Atatürk Kongre Binası ve Müzesi
Bir milletin dünya tarihine ismini kazıyarak yazdığı ve varoluşunun temellerinin atıldığı nokta olan kongre binası, 108 gün boyunca “Millî Mücadele Karargâhı” olarak kullanılmıştır. Türk milletinin kaderini belirleyen kararların alındığı bina Cumhuriyet yönetiminin temellerinin atıldığı yer olması sebebiyle de tarihî bir hüviyete sahiptir. Binanın bir bölümü kongre binası diğer bölümü ise etnografik eserler için ayrılmış olup müze olarak kullanılmaktadır. 19. yüzyıl geç Osmanlı Dönemi sivil mimarisinin en güzide örneklerinden biri olan bu yapının içindeki müzede Atatürk’ün birçok şahsi eserinin yanı sıra Sivas Kongresi’ne ait tarihî belgeler ve Selçuklular ile Osmanlı Dönemi’ne ait eserler de bulunmaktadır.
Hükûmet Konağı
1884 yılında dönemin valisi Halil Rıfat Paşa tarafından yaptırılan ve hâlen Valilik Binası olarak kullanılan Hükûmet Konağı’nın ilk iki katı kesme taştan yapılırken üçüncü katı 1913 yılında ahşaptan inşa edilmiştir. Geçirilen yangın sonucunda ahşap katı yanan bina bugünkü görünümüne 2005 yılında kavuşmuştur.
Kurşunlu Hamamı
Osmanlı Dönemi’nin klasik hamam kültürünün yaşatıldığı şehir olan Sivas’ta yine bu döneme ait hamamların en güzel örneklerinden biri Kurşunlu Hamamı’dır. Kadın ve erkekler için ayrı bölümleri bulunan bu hamamın yanı sıra sadece kadınlar için Hamamcıoğlu Hamamı ve sadece erkekler için de Meydan Hamamı ile Mehmet Ali Hamamı bulunmaktadır.

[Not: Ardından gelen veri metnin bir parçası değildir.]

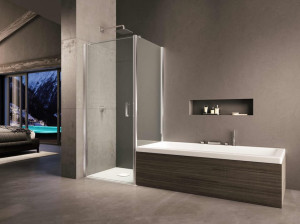 Стеклянная угловая душевая кабина с распашной дверью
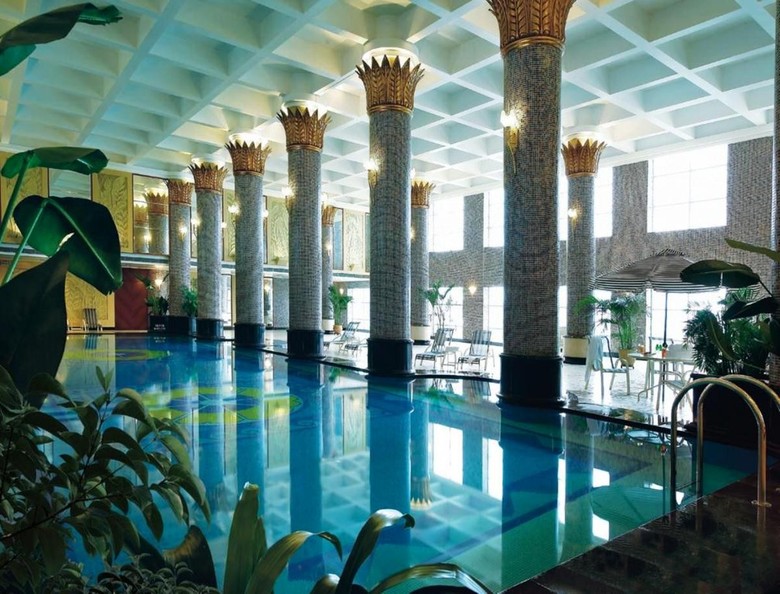 Regal Palace Hotel
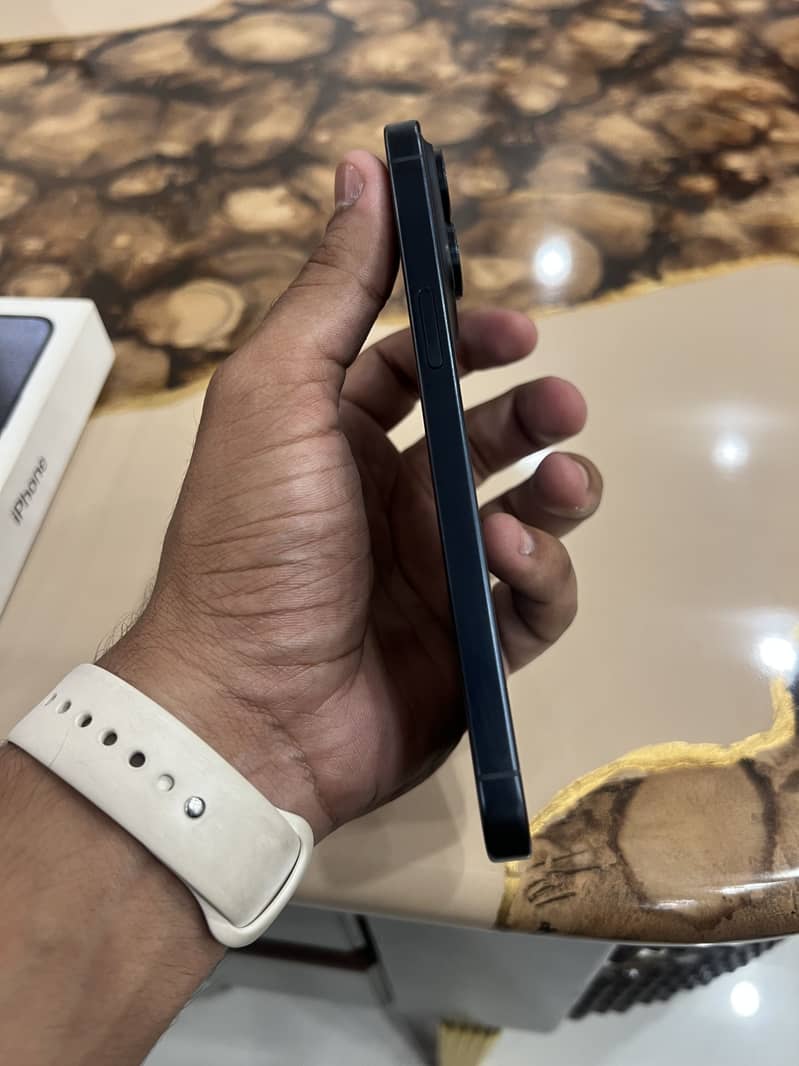 Apple iPhone 15 Pro Max 4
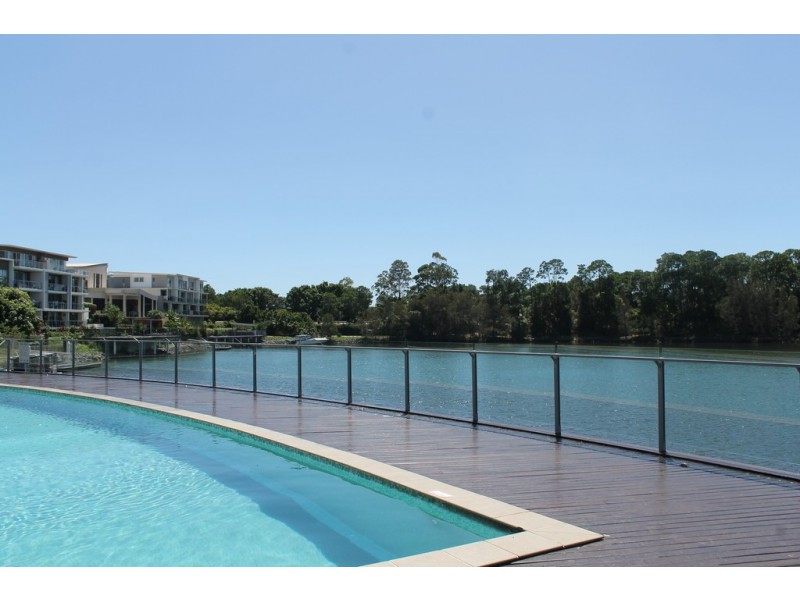 302/22 Ben Lexcen Place, Robina QLD 4226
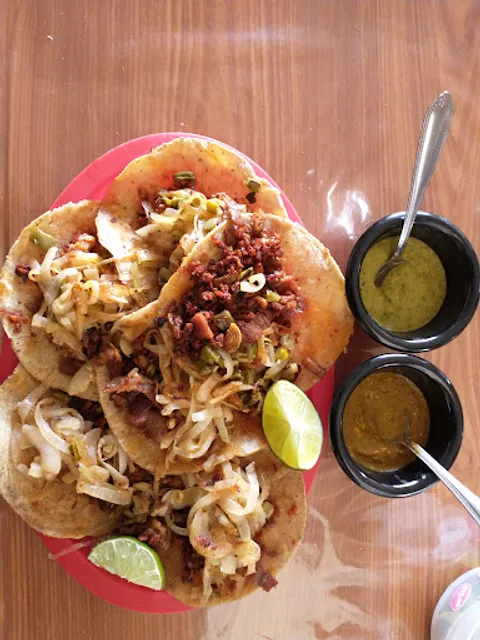 Tacos de cecina Don cuco
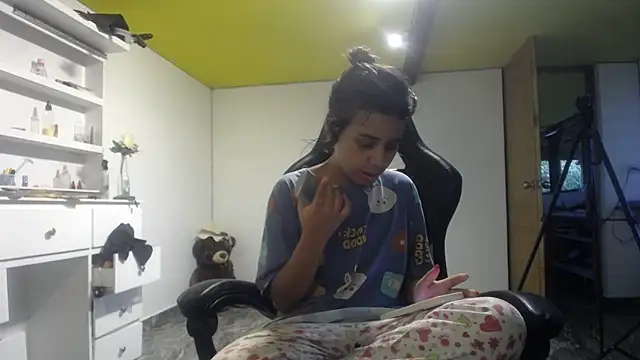 habdiela online show from 10.24.25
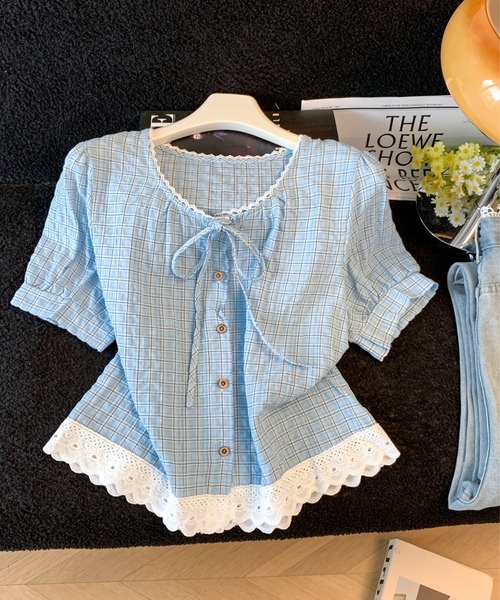 LUCPY（ラクピー）の「チェック柄レースヘムリボンブラウス（シャツ/ブラウス・レディース・ブルー/ブラック・LARGE/MEDIUM/SMALL）」の2枚目の写真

Ziya Bey Yazma Eserler Kütüphanesi
Osmanlı mimarisinin izlerini her bir işçiliğinde gösteren kütüphane içinde sakladığı el yazması eserleriyle tarihin içinden süzülüp bugünlere ulaşmanın mutluluğu ve huzuru içinde ziyaretçilerini beklemektedir… Nihayetü’l-Beyan fi Tefsiri’l-Kur’an adlı el yazma eseriyle birlikte çok sayıda el yazma ve nadide matbu eserleri kütüphanede görmek mümkündür.
Jandarma Binası
1908 yılında Vali Reşit Akif Paşa zamanın da Jandarma Dairesi olarak yaptırılan binanın planı “L” biçimindedir. Sivas kent meydanın tarihsel dokusunda önemli bir yere sahip olan yapının kolların kesiştiği köşe sekizgen olarak düzenlenmiş olup her üç kattaki odalar bu plan düzenine uyularak yapılmıştır. Sekizgen planlı köşe kulesi denebilecek bölümün silmelerle çerçevelenmiş alınlığında yapım yazıtı da bulunan bina bugün, sosyal tesis olarak kullanılmaktadır.
SONUÇ
Zengin tarihine coğrafyasının insanı hayran bırakacak güzelliklerini dolduran; kurtuluş mücadelemizin bir nişanını gururla taşıyan; kendine özgü üslubunun bir yansıması olan çubukçuluktan (ağızlıkçılık) tutun da taştan mermere, mermerden kemiğe ve ahşaba kadar bir çok malzemenin üzerinde gerçekleştirilen oymacılık gibi el işi sanatının en nadide örneklerini ziyaretçilerine sunan; kemik tarağı, kara kemik bıçağı, ince işlemelerle ortaya çıkan süs eşyaları ve hem zarif hem doğal hem de dayanıklı olan el dokuması kilim ve halıları ile Sivas, zamanın durmasını isteyeceğiniz yerdir. Sofraları soharıç karışımı ile hamurun tadına tat katan tutamaç (lakişe/kesme çorbası) ve yörenin kendine özgü olan katıklı çorbası; sade tereyağın damakları çatlatan lezzetiyle fırın katmeri; pancardan elde edilen müthiş lezzetiyle pezuk turşusu ve pancar çorbası; eski yemekler arasındaki yerini alıp bir nesilden diğerine aktarılarak bugünlere eşsiz tadıyla ulaşan pehli; hamur işlerinin vazgeçilmezlerinden olan sac katmer, yumurta ve kavurma erişteleri ile enfes tatlara sahip olan Sivas mutfağı tatlı dost sohbetine eşlik eden başta hurma olmak üzere karaş, hasuda, üzümlü çorba (bayram çorbası), kelle ve kavut tatlıları ile misafirlerinin beğenilerini kazanmaktadır. Ziyaretçilerinin damaklarını şenlendirirken farklı gezi ve tatil olanaklarını da sunmaktan geri durmayan Sivas’ta çeşitli spor dallarına ilişkin aktiviteleri de yapabilme fırsatı bulmanız mümkündür. Spor demişken Sivasspor’un bu şehir için önemini de belirtmeden geçmemek gerekir.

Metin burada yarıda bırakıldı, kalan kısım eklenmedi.